木枯しや吹き上げて消ゆ富士の嶺
富士山が世界遺産に登録されて10年。これにちなんだ「三霊山学術フォーラム」という静岡県主催のイベントがあり、先日聞きに行った。
三霊山とは、立山、白山、富士山をいう。ご存じの「風の盆」の唄、越中おわら節の後囃子に、次のよく知られた囃しがある。
私もこの節を胡弓に合わせて唄いたいのだが、なにせ難しく、またキーが高くてだめ。低い声ではあの祭りの雰囲気が出ない。
イベントの発端は、静岡県知事が元総理の森喜朗氏に会った折に、三霊山をテーマに地域が連携して発信するアイデアを森氏から提案されたことにあり、各県知事に呼びかけてフォーラムを立ち上げたものだという。発想は面白い。
著名な大学教授が3人出演したが、残念ながら、フォーラムは消化不良な内容でがっかりした。
「禅定」という言葉がある。
辞書では「心を一点に集中し、雑念を退け、絶対の境地に達するための瞑想。」の意味だという。けれど「富士山、白山、立山などの高い山に登って、信者が修行すること。」(精選版 日本国語大辞典)という意味もあり、しばしば出てくる言葉で、登拝することとかそのルートとかなどに使われているようだ。
だがネットで見ていると、かつて、この三山をめぐる「三禅定」という修行というか登拝があったようだ。私は今回初めて知った。三山はいずれも民間信仰の篤い山であり、江戸時代には盛んに登られたが、この三山を個別ではなく連続して登拝するということのようだ。
加藤基樹氏の「「三禅定」考」というネットでの資料を読むと、江戸時代に主に尾張、三河地域の人々が行ったもので、今日では完全に失われた習俗、とのこと。しかし池大雅も1760年に行っているという。三禅定という習俗は、まだ研究が進んでおらず資料の掘り起こしの段階であるという。
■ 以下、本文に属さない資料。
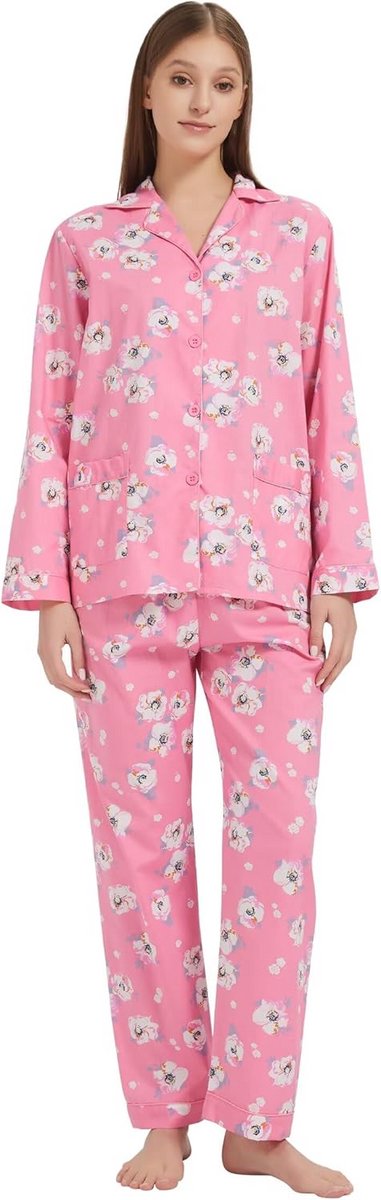 Zachte Flanellen Pyjama Set voor Dames - 100% Katoen Loungewear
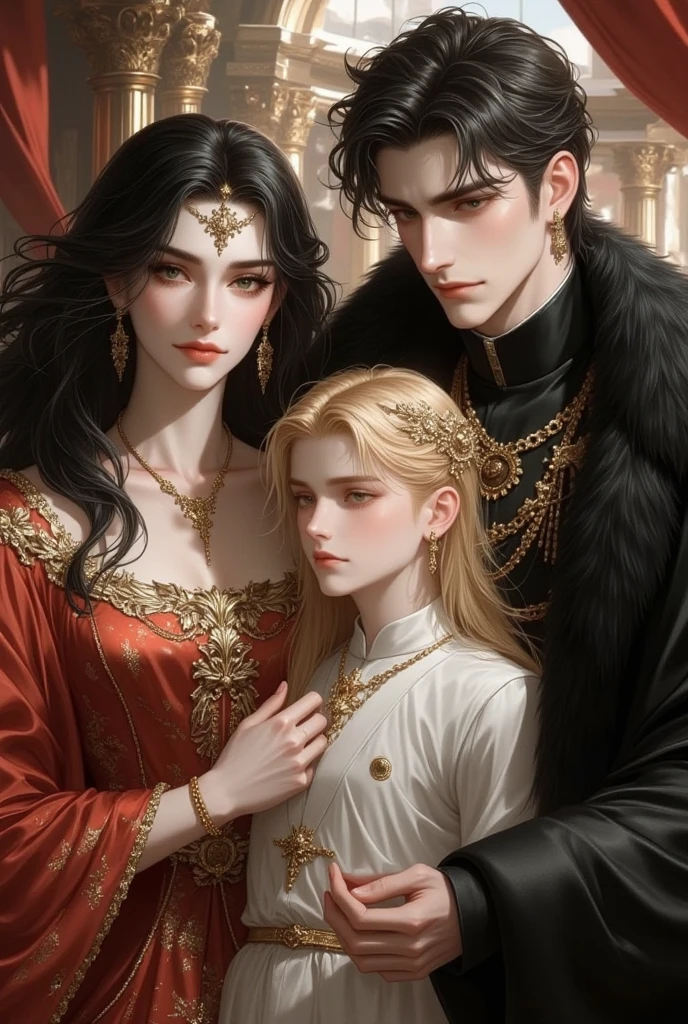 1 man, evil-looking man, dark hair, tanned, ponytail, crowned king, royal, standing with a sword (embroidered on the ground), blood spatter on face, smiling, scary, psychotic, background detail, palace, red throne, blood spatter, corpse, servant bowing, gloomy atmosphere, scary, scary,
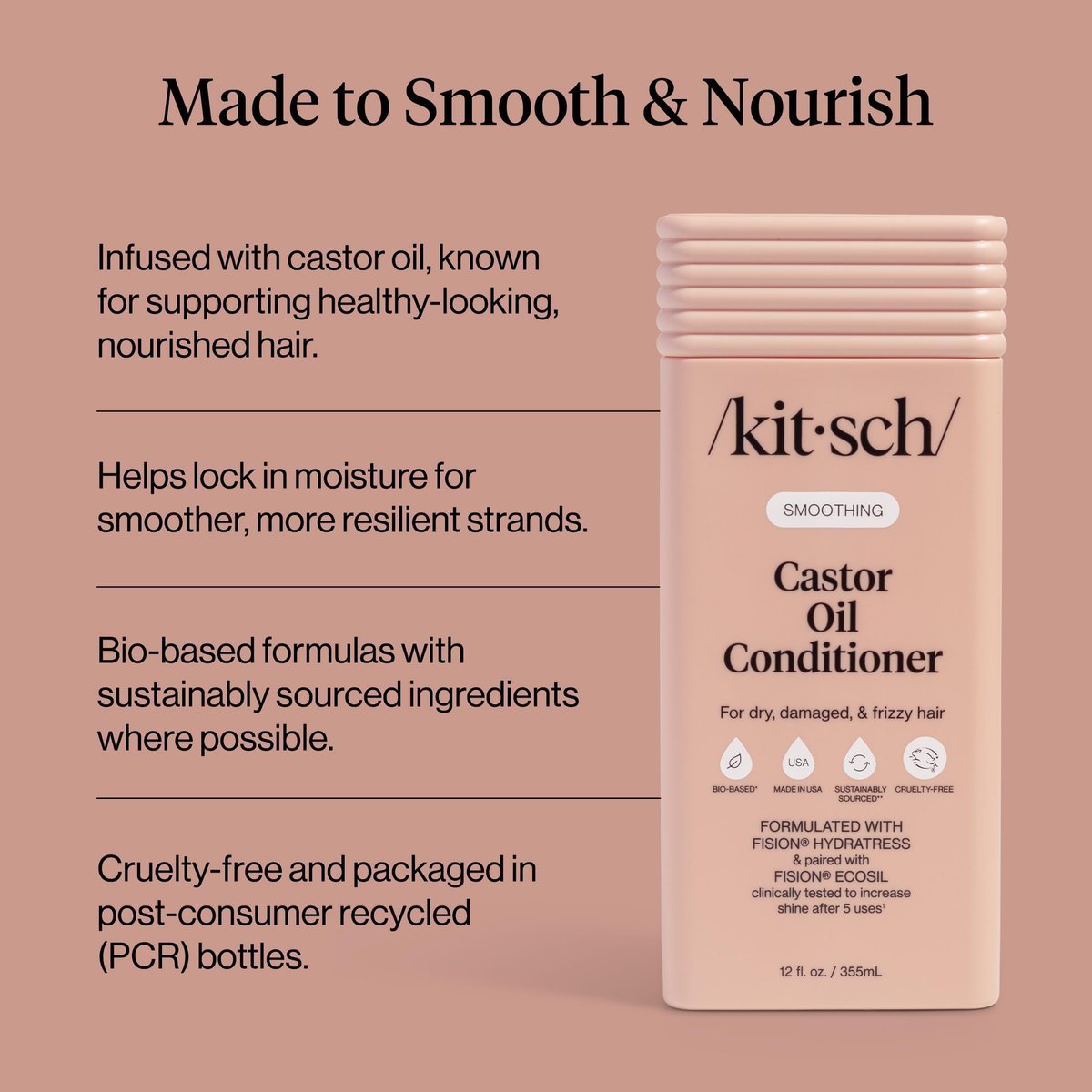 Kitsch Smoothing Castor Oil Liquid Conditioner – Nourishing Hair Conditioner for Dry, Damaged & Frizzy Hair – Clean, Color-Safe, Bio-Based Formula, Made in USA – 12.3 oz - görsel 6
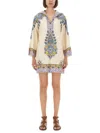 Etro Print Knee Length Long Sleeves V-neck In Multi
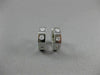 ESTATE .36CT DIAMOND HEXAGON ETOILE 14KT WHITE GOLD HUGGIE EARRINGS CHIC! #15847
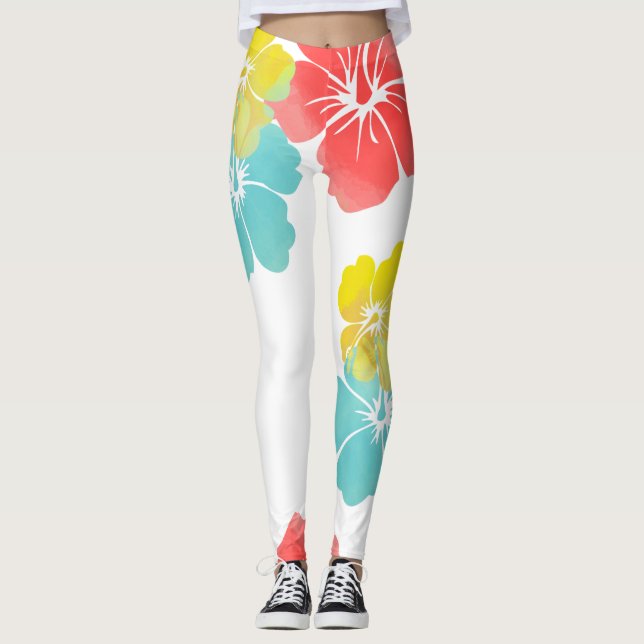 Leggings PixDezines Hibiscus/Yellow/Naranja/Aqua/DIY Bckgra (Anverso)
ちなみにこのフォーラムでは、三禅定については全く触れることがなかった。
思い起こすのは、「トランスジャパンアルプスレース」と呼ばれる山岳耐久レースだ。富山県魚津市から太平洋側の静岡県静岡市まで約415kmを北アルプス・中央アルプス・南アルプスの山々を縦断するという途方もなく厳しいレースだが、三禅定もある種こうした長距離トレイルランに似たものかもしれない。
三禅定のロングトレイルランをやったらどうか、などと無責任なことは思わないが、こうした庶民の長旅が許されていた歴史がもっと掘り返されたら、面白いものだ。そうしたテーマにも、このフォーラムが取り組んでくれたら面白そうだ。
直感だが、主に三河や尾張の人々がグループを組んで行っていた、ということの理由だが、この地域は伊勢に近いので、お伊勢参りでは非日常や旅を味わえない。だからより遠方のお山に向かうことで日常性を飛び出そうとしたのではないだろうか。今後資料があったら、いろいろ見ていくことにしたい。
斯く言う私は、富士山こそ登ったが、立山も白山も登頂していない。一の宮巡りで越中芦峅寺の雄山神社、加賀の白山ヒメ神社には詣でたことがある。それぞれ山頂に奥の院があるので、いずれはと思いつつ年月ばかりが流れ去る。